The field function is:

\[ Q(\theta) = \ell(f|\theta(x_i), y_i) \]
The direction to decrease \(Q\) at \(\theta_0\) is given by:

\[ \nabla Q(\theta_0) \]
But this direction is only good for the neighbourhood of \(\theta_0\).

\[ \theta\leftarrow \theta_0 - \mathrm{lr}\cdot \nabla Q(\theta_0) \] where \(\mathrm{lr}\) is a small fraction, called the learning rate.

2.2 Incremental improvements for the whole training dataset

Now, we can consider a set of training samples: \(\{(x_i, y_i)\}_\mathrm{Train}\).

The field function is the sum of the losses of all the samples in \(I\):

\[ Q(\theta) = \sum_{i\in \mathrm{Train}}\ell(f|\theta(x_i), y_i) \]

This allows us to perform incremental improvements over the entire training data.

Gradient Descent

This called the gradient descent (GD) algorithm.

2.3 Incremental improvements for a batch

The problem with the GD algorithm is that the training data \(|\mathrm{Train}|\) can be too large to fit into memory (sometimes even a single machine).

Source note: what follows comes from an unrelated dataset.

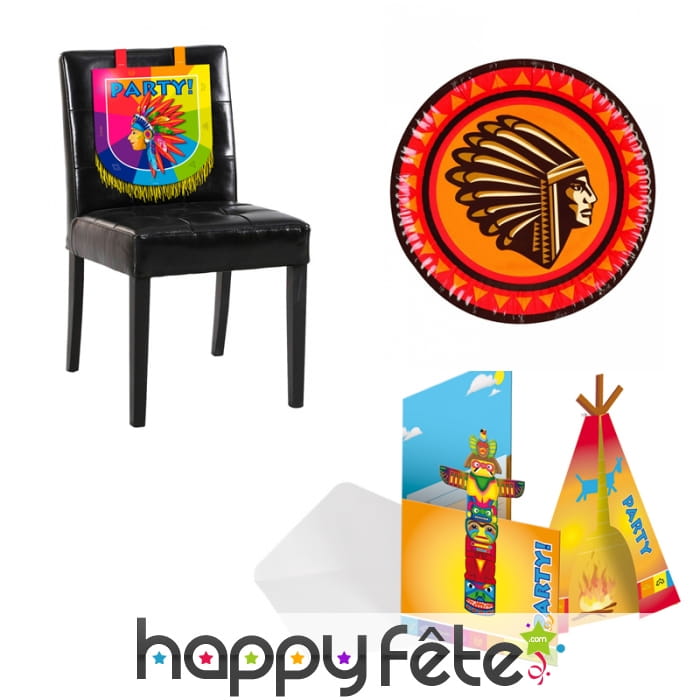 Assiettes profil Indien sur fond orange, en carton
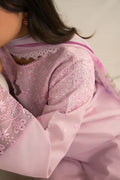 Farasha | Summer Weaves Embroidered lawn'26 | Cloud Pink - House Of Hania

We will have to estimate the true gradient \(\nabla Q\) using a sample of the training data.

Let \(I = \mathrm{batch}(\mathrm{Train})\).

\[ \nabla Q\simeq \sum_{i\in I}\ell(f|\theta(x_i), y_i) \]

2.4 The Stochastic Gradient Descent algorithm

Stochastic Gradient Descent (SGD) performs model parameter update for each batch of the training data. Using a batch, SGD estimates the gradient which is used to update the parameters.

SGD scans through the entire dataset one batch at a time. Each scan of the entire training data is called an epoch.

for I in batches(Train) {
    grad = ∇Q using I
    𝜃 = 𝜃 - learning_rate * grad
}

To further improve the model parameters, we typically perform multiple epochs.

def train(dataset, f, 𝜃):
  repeat epochs {
    for I in batches(dataset) {
        grad = ∇Q using I
        𝜃 = 𝜃 - learning_rate * grad
    }
  }
  return 𝜃

3 Evaluation of Models

3.1 Evaluation metrics

Let’s fix the model \(f|\theta\), and a loss function.

Given a dataset \(\{(x_i, y_i)\}_D\), and we can evaluate the quality of the model \(f|\theta\) with respect to \(D\).

3.2 Loss defined as the average loss for each sample in \(D\):

\[L = \frac{1}{n} \sum_{i\in D}\ell(f|\theta(x_i), y_i) \] where \(n = |D|\).

3.3 Accuracy defined only for classification models.

Suppose that \(f|\theta\) is performing classification over \(c\) classes. This means that \(f|\theta\) output is \(p\in[0, 1]^c\), probabilities over the \(c\) classes.

For each \((x_i, y_i)\), the predicated class is given by:

\[ y_i^\mathrm{pred} = \operatorname{argmax}\{p_j: j\leq c\} \]

The accuracy w.r.t. \(D\) is the percentage of samples that \(f|\theta\) predicts the correct class.

\[ \mathrm{acc} = \frac{|\{i\in D: y_i^\mathrm{pred} = y_i\}|}{n} \]

4 Training vs Testing

Training is absolutely essential to obtain an optimized model. But how do we know if the optimized model (w.r.t. training data) is actually going to work in application scenario?

This is the problem of generalization.

How general is the model when used for data not seen in the training data?

4.1 Test data

To estimate the generalizality of \(f|\theta\), we will split our available dataset into two disjoint datasets:

\[\{(x_i, y_i\}_\mathrm{Train} \cup \{(x_i, y_i)\}_\mathrm{Test} \]

After training, we can simulate how well the model works in application by evaluating with:

Test loss
Test accuracy

Important

As a golden rule in machine learning, you are not allowed to incorporate test metrics as part of your training strategy.

4.2 Cross Validation

Q: What if the test metrics are terrible?

we cannot retrain because that would violate the golden rule.
it’s basically a failed design. We have to redesign and train from scratch.

A (partial) solution is to use cross-validation.

Cross validation:

For each epoch, split the training data into two segments:

\[ \mathrm{Train} = \underbrace{\mathrm{Used}(\mathrm{epoch})}_{90\%}\cup\underbrace{\mathrm{Unused}(\mathrm{epoch})}_{10\%} \]

The training with validation is:

def train_with_validation(dataset, f, 𝜃, validation_ratio=0.1):
  for epoch in range(epochs) {
    unused = sample(dataset, validation_ratio)
    used = dataset.remove(unused)
    
    train(used, f, 𝜃)
    eval(unused, f, 𝜃)
  }